The lines for all three were not pretty. For Funkhouser: 1 IP, 4 H, 5 ER, 2 BB, 1 K. Although Funkhouser didn’t give up a home run, he was hit hard; giving up hard hit doubles to Franchy Cordero and Whit Merrifield in the game. For Burrows: 2.1 IP, 3 H, 3 ER, 1 BB, 0 K. Burrows gave up a couple bombs, most notably an opposite-field bomb by Jorge Soler.
For Castro: 1 IP, 1 H, 2 ER, 1 BB, 1 K. Anthony Castro gave up a two-run shot himself in a game which featured six Kansas City Royals round-trippers; his home run to the former highly-regarded prospect Brett Phillips; but would also strike out the former mega-prospect Bubba Starling.

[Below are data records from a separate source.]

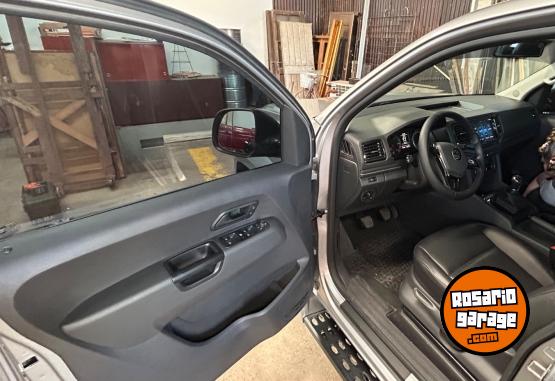 Camionetas - Volkswagen Amarok Trendline 4x2 MT6 2025 Diesel 11000Km - En Venta
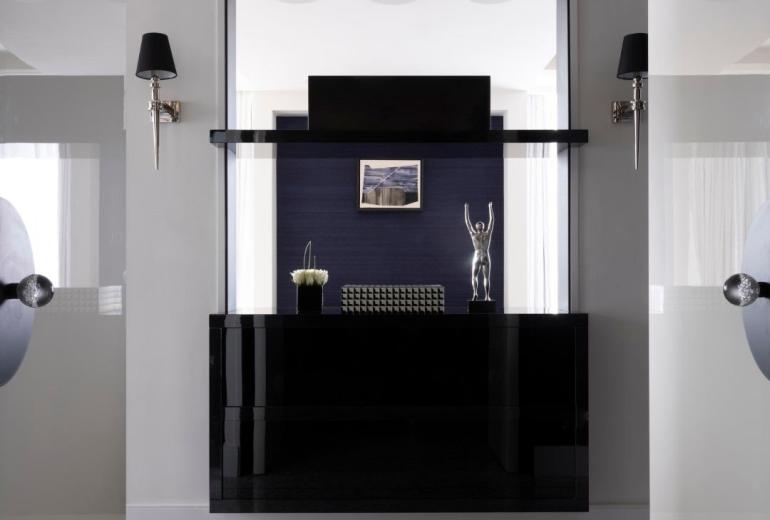 Azu060 - 1250 sqm luxury penthouse with terrace
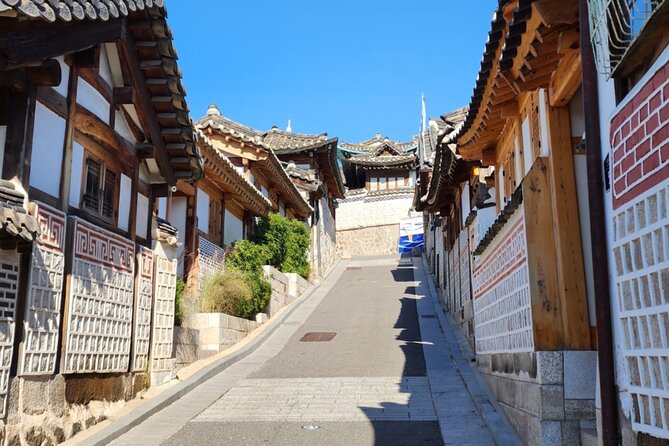 Highlights of Seoul Tour in Seoul: Deoksugung & N Seoul Tower - Ending at Gwangjang Market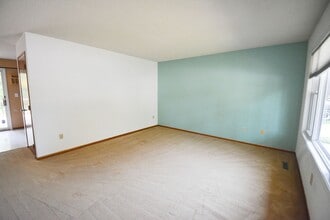 4060 4th Pl NW in Rochester, MN - Building Photo - Building Photo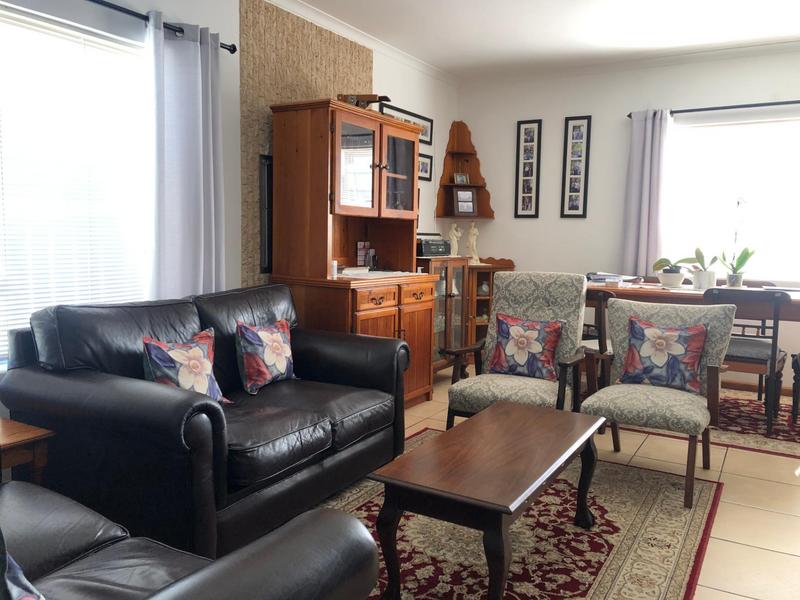 3 Bedroom Property for Sale in Franskraal Western Cape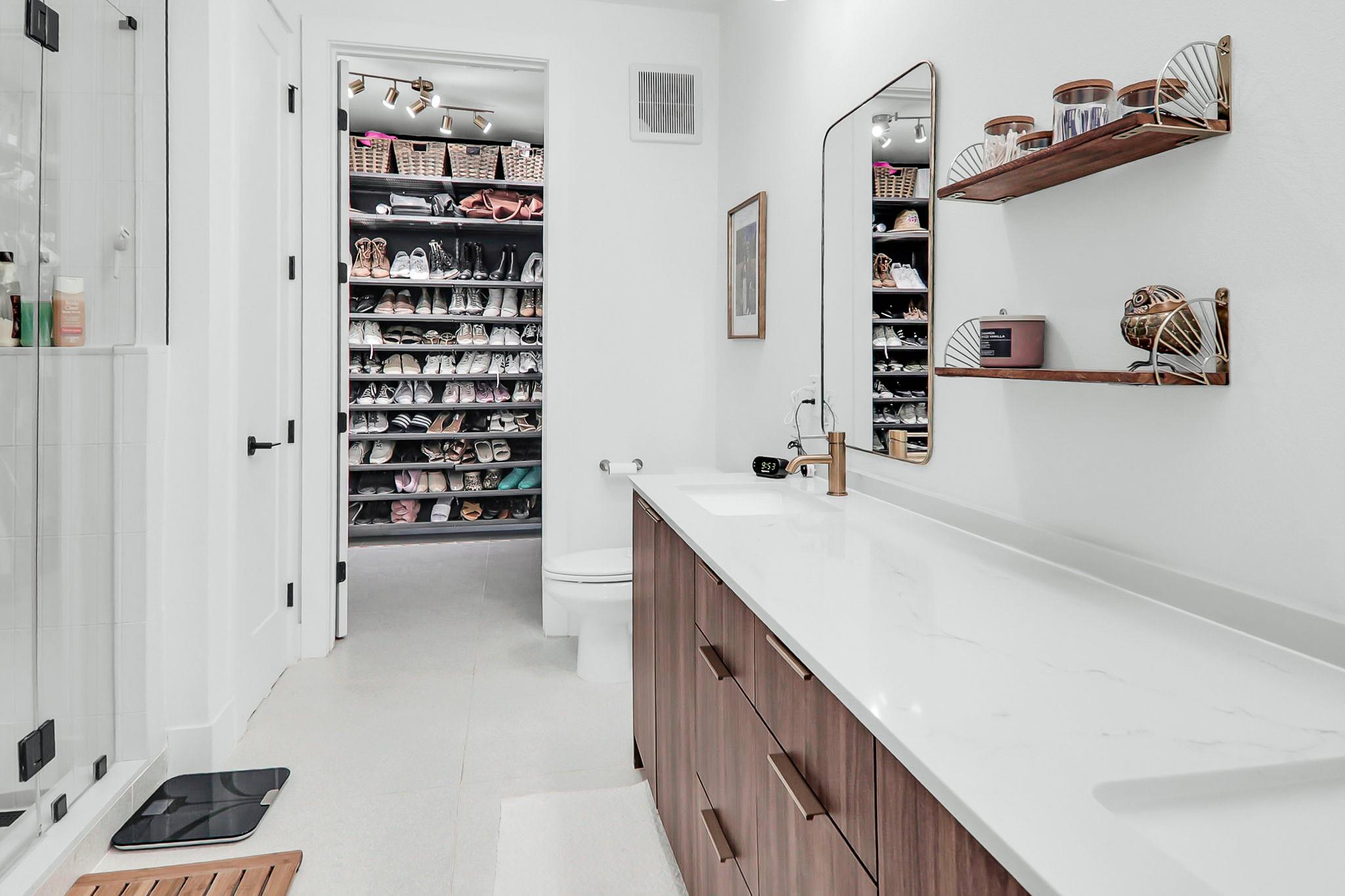 1701 Simond Ave # 304, Austin, TX 78723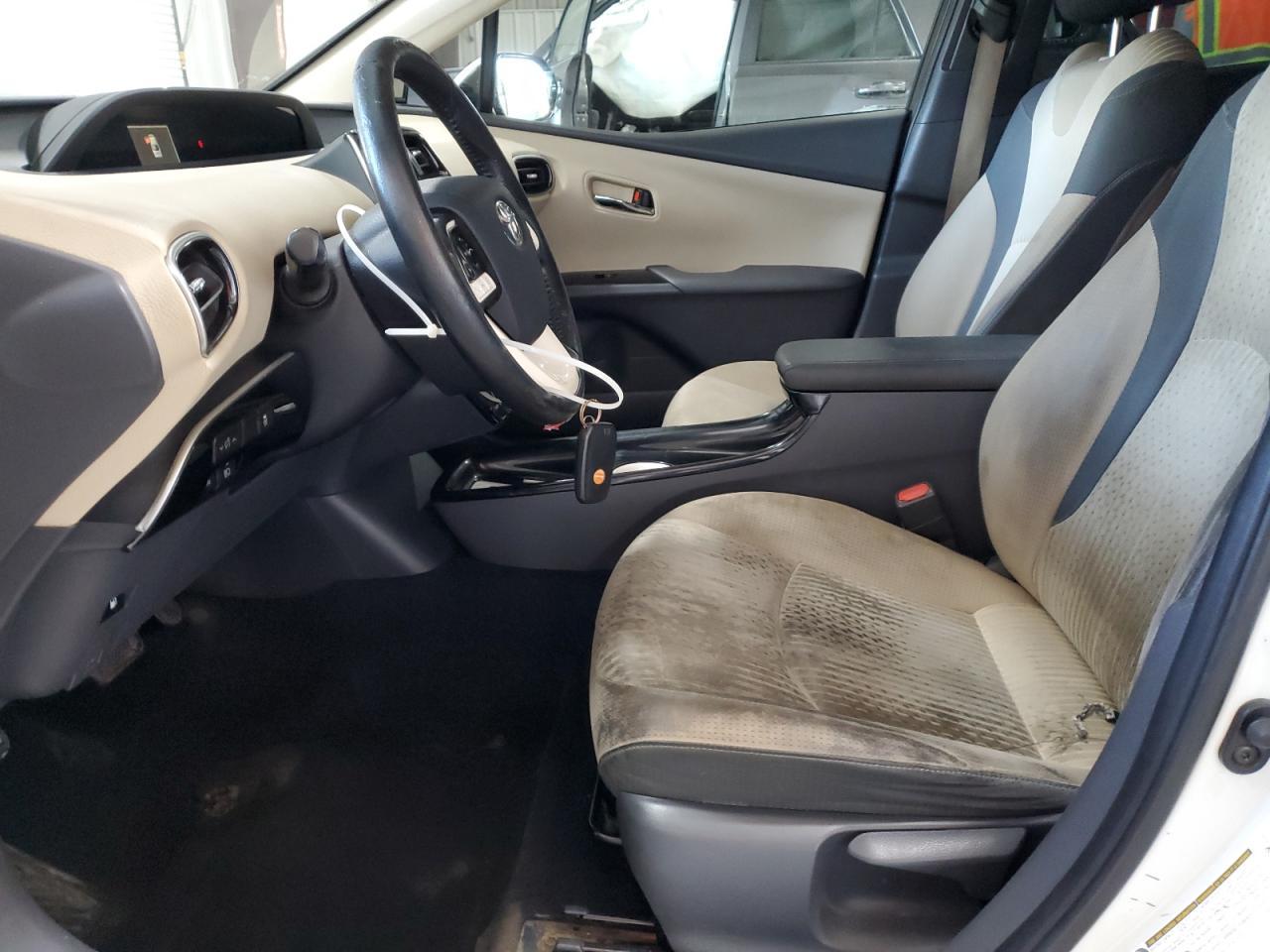 2016 TOYOTA PRIUS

What We Learned About Funkhouser
With young players, especially in their debut, the takeaways come from the flashes over the results. For Funkhouser, the stuff stood out. His fastball ran 94-96 his entire outing and featured good run inside to right-handed batters. His slider, while inconsistent, was thrown for strikes and used as an out pitch with two strikes. His change up was not used much, but proved when it was featured that it is a usable big league pitch–he threw the pitch with good fading action in a variety of counts and showed the ability to throw it for strikes as well.
Consistency will be key for Funkhouser, especially with his secondaries, to his stay with the big league club. He is likely more well-suited for a standard middle relief role than he would be following an opener, but there was enough to get excited about to see how he progresses. Specifically, look for Funkhouser to try to change the eye level of hitters with his fastball in the coming appearances.
What We Learned About Beau Burrows
Burrows had a couple strong showings in summer camp; and given his new transition to the bullpen, I was curious to see how his pitch mix would play in a bullpen role. Unfortunately, thus far, it was much of what we had seen in his starting appearances. His fastball ran from 92-94 with moderate life; his secondaries did not move much outside of a couple nice change ups down in the zone against left-handed hitters.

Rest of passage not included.